[TASK BRIEF] Once the pictures are set aside, transcribe each line of the data exactly.

[SOURCE DATA]
========
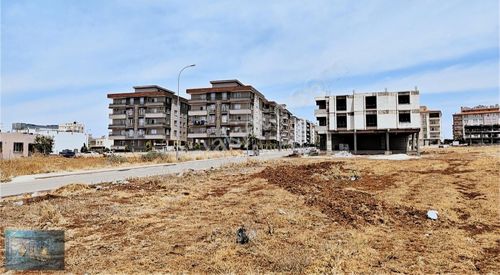 Arsa-Konut İmarlı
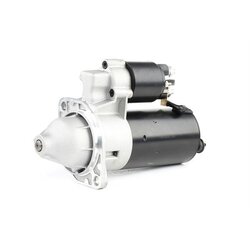 Starter Motor RIDEX 2S0185 OE Ref 12 41 1 726 504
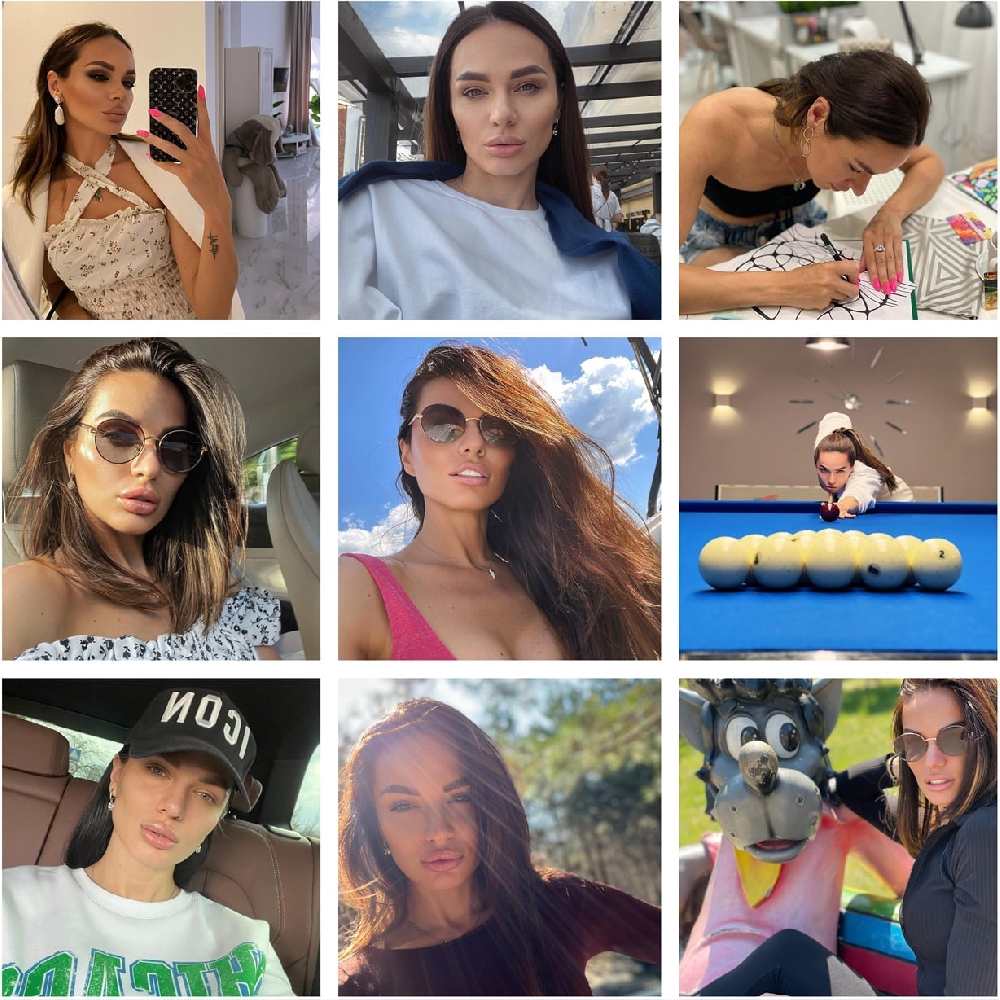 (编号S101)  欧美女 生活 娱乐 旅游1001张照片视频59个 有3个视频1个小时以上 适合虚拟视频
========
[EXERCISE SOLUTION]
 Arsa-Konut İmarlı
 Starter Motor RIDEX 2S0185 OE Ref 12 41 1 726 504
 (编号S101)  欧美女 生活 娱乐 旅游1001张照片视频59个 有3个视频1个小时以上 适合虚拟视频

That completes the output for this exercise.